Rosália Amorim* | Diário de Notícias | opinião
Os portugueses quiseram saber da moção de censura do Chega ao governo? Ontem à tarde ficaram de olhos colados à televisão, aos sites dos jornais ou de ouvidos atentos às rádios? Duvido. As métricas que nos dão, ao segundo, a tráfego online confirmam a minha convicção. O povo é sereno e sábio. Sabe bem que a moção de censura de nada servirá neste momento. Sabe também que o partido que tomou a iniciativa, ao colocar este instrumento em cima da mesa do parlamento por dá cá esta palha, está a desbaratar uma arma democrática. Trata-se de um dos instrumentos de controlo político do governo à disposição da Assembleia da República, que incide sobre a execução do programa do Governo ou sobre assunto de relevante interesse nacional e que, sim, pode deitar um governo abaixo, mas não neste momento, neste contexto político e socioeconómico.
A tempestade perfeita está instalada: alta da inflação, subida das taxas de juro, combustíveis a disparar de novo e alimentos básicos ao preço de pratos gourmet. Os portugueses fazem contas à vida e não sabem mais como fazer esticar o dinheiro lá em casa e, nesta altura, o que menos desejam é juntar a esta tempestade uma nova crise política.
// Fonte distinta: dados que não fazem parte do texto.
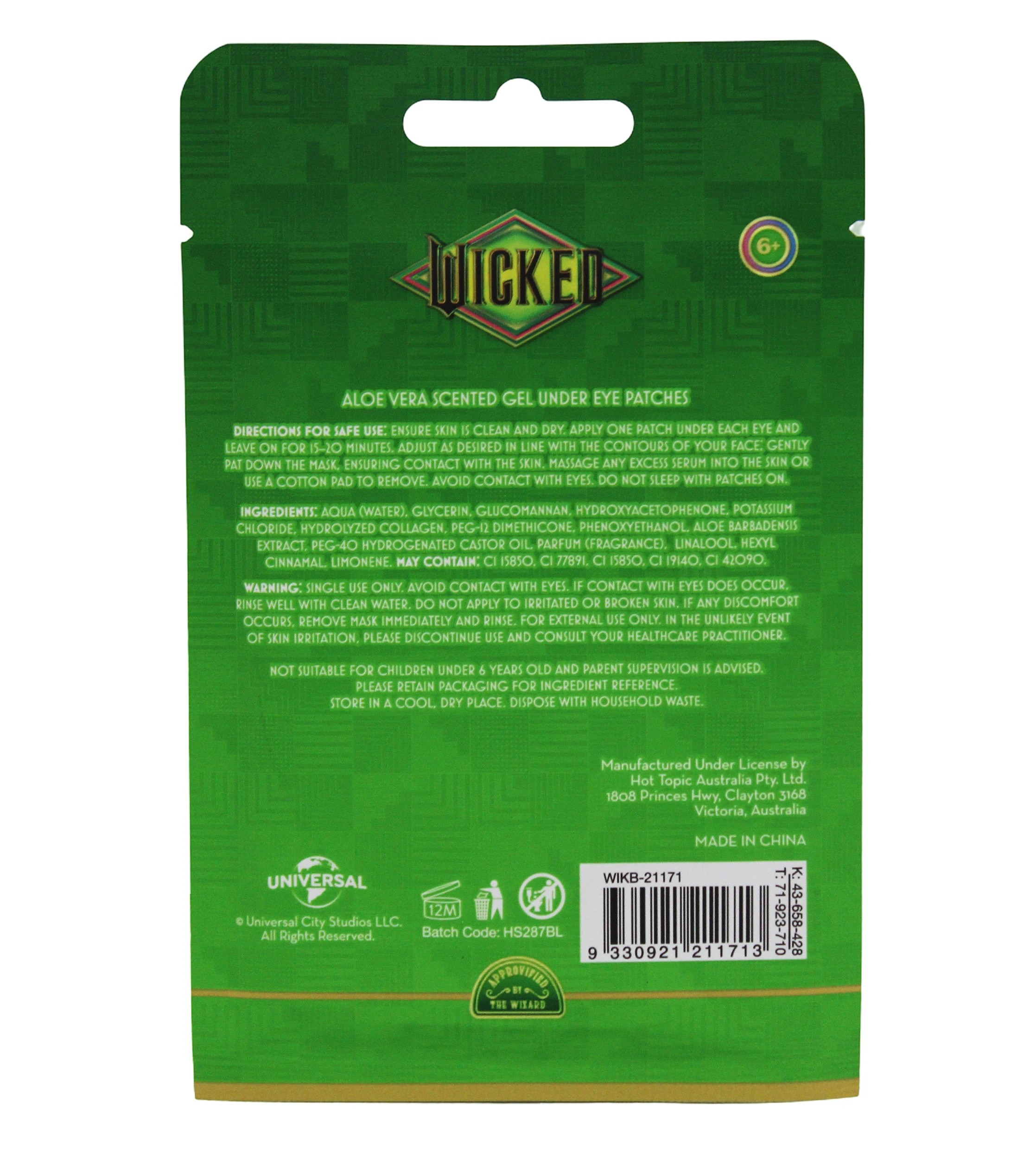 3 Wicked Gel Under Eye Patches - Aloe Vera Scented, 3 of 3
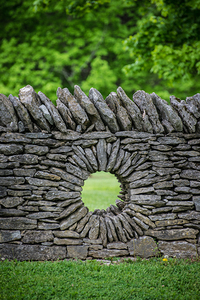 Decorative Stone Wall - Kentucky Shaker Village - Pleasant Hill - Harrodsburg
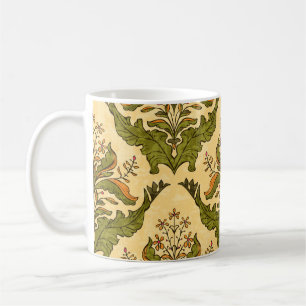 Classic floral wallpaper: stylised damask. coffee mug
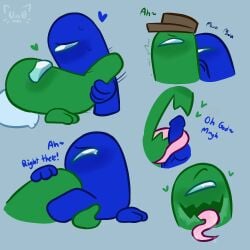 among_us among_us_(series) blowjob blue_(among_us) clip_studio_paint_(medium) cum cum_on_face dick green_(among_us) imposter kiss long_tongue n3k0v4l penetration pussy
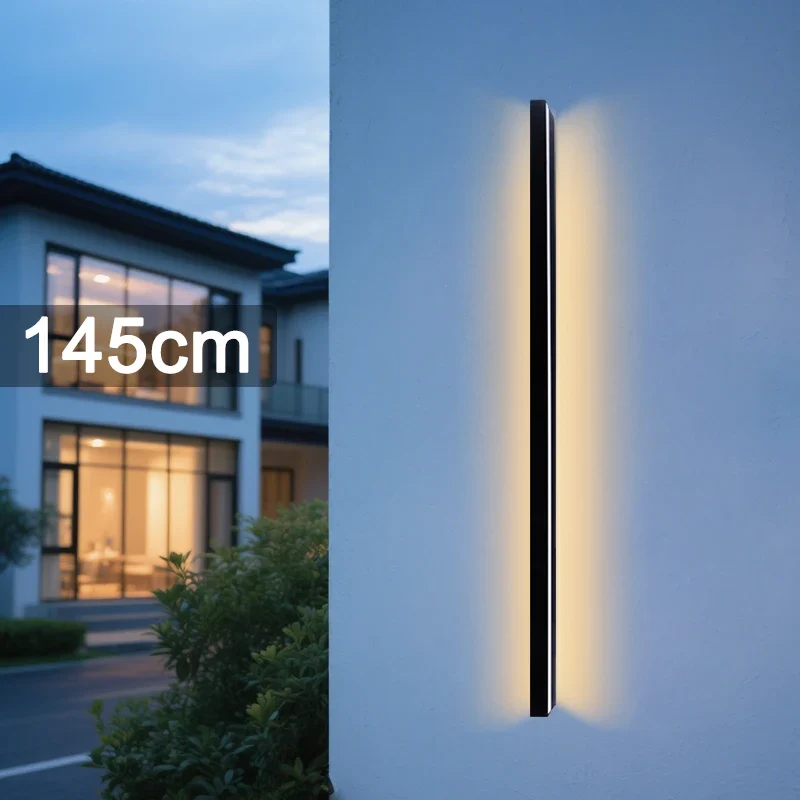 Moderne Lineare LED Außenwandleuchte für Garten und Hausfassade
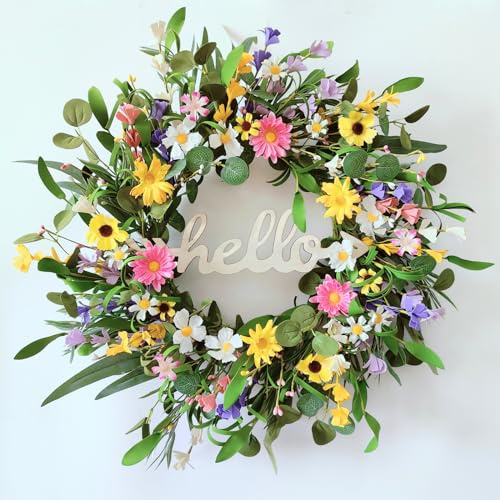 TOKCARE Spring Wreaths for Front Door with Hello Sign, 22 Inch Artificial Eucalyptus Summer Wreath, Colorful Daisy and Jasmine Flower Garland for Farmhouse Decor Indoor Outdoor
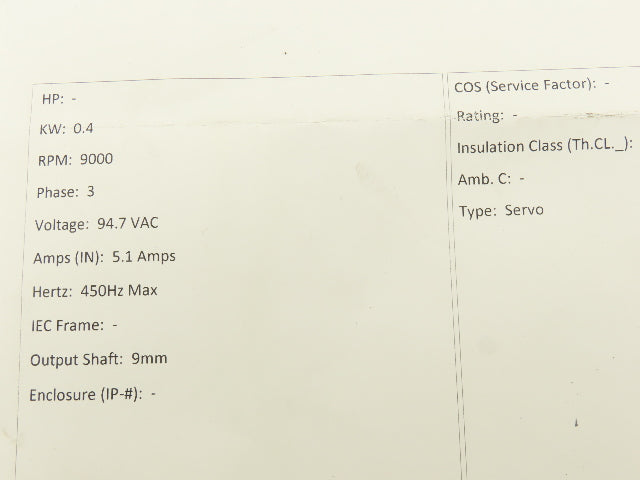 Rexroth Indramat MKD025B-144-GG0-KN Permanent Magnet Servo Motor 94.7VAC 9000rpm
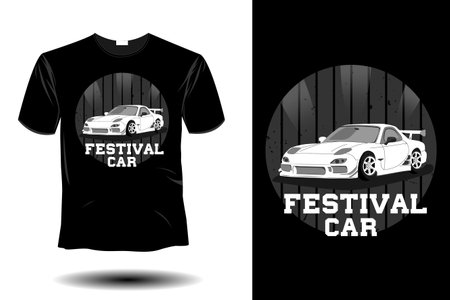 Festival car mockup retro vintage designのイラスト素材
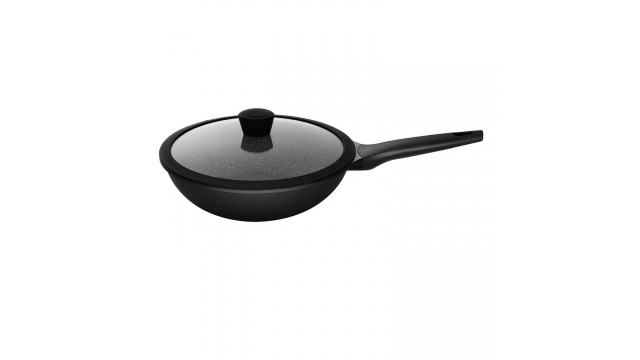 Sola Fair Cooking Wok 28 cm + Glazen Deksel Zwart/Wit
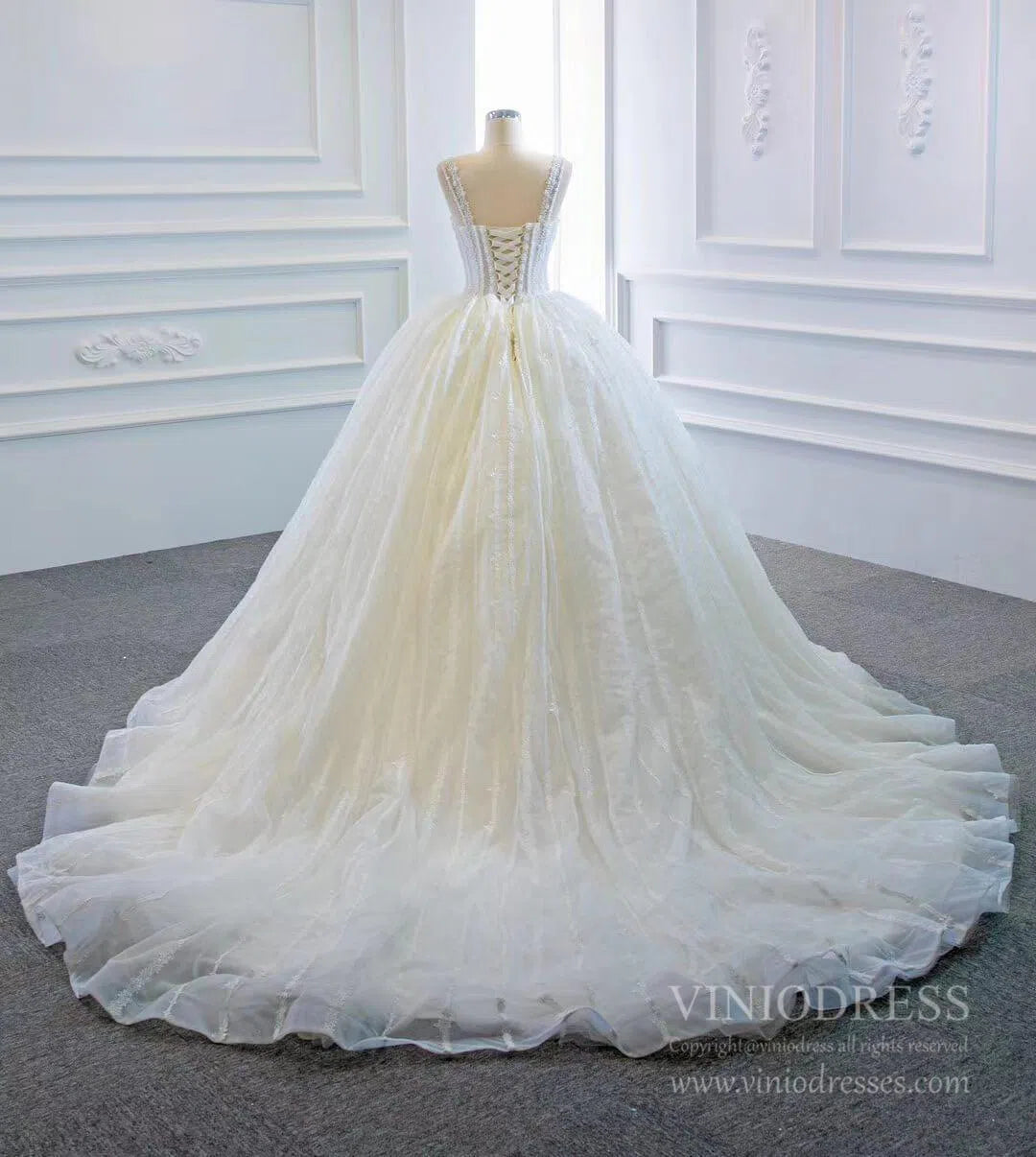 Wide Strap Beaded Ball Gown Lace Wedding Dresses VW1463-wedding dresses-Viniodress-Viniodress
O Executivo tem governado bem e resolvido os problemas das populações? Não. A crise da habitação é um dos maiores dramas que o país enfrenta e o descontentamento, as manifestações e as greves estão à vista. Mas uma moção de censura, nesta fase da legislatura, não é mais do que desbaratar uma arma democrática. Costa foi, ontem e como sempre, um malabarista implacável que soube voltar a iniciativa contra a oposição de Direita e puxou a si os louros do debate. Acusou a Direita (com foco no PSD) de não conseguir construir alternativa. Ainda aproveitou para confirmar as medidas para baixar a prestação da casa durante dois anos e avançou ainda que tem "fixado o calendário de atualização do salário mínimo até ao final da legislatura e com grande probabilidade vamos atualizar o mínimo de existência [no IRS] em conformidade com esse aumento." Em causa, está a isenção de IRS ao salário mínimo.
Esta é a terceira moção de censura desta legislatura: duas do partido de Ventura e uma da Iniciativa Liberal. A banalização deste instrumento é perigosa e alimenta populismos. No final do dia, o Chega acabou por dar mais ao palco ao PS, desbaratou uma oportunidade e ficou tudo exatamente na mesma. Como era de esperar, a moção de censura foi chumbada. Hoje, sim, talvez o povo fique de olhos postos no parlamento, afinal o debate vai ser sobre o IRS, matéria que toca mais nos bolsos dos eleitores do que as politiquices.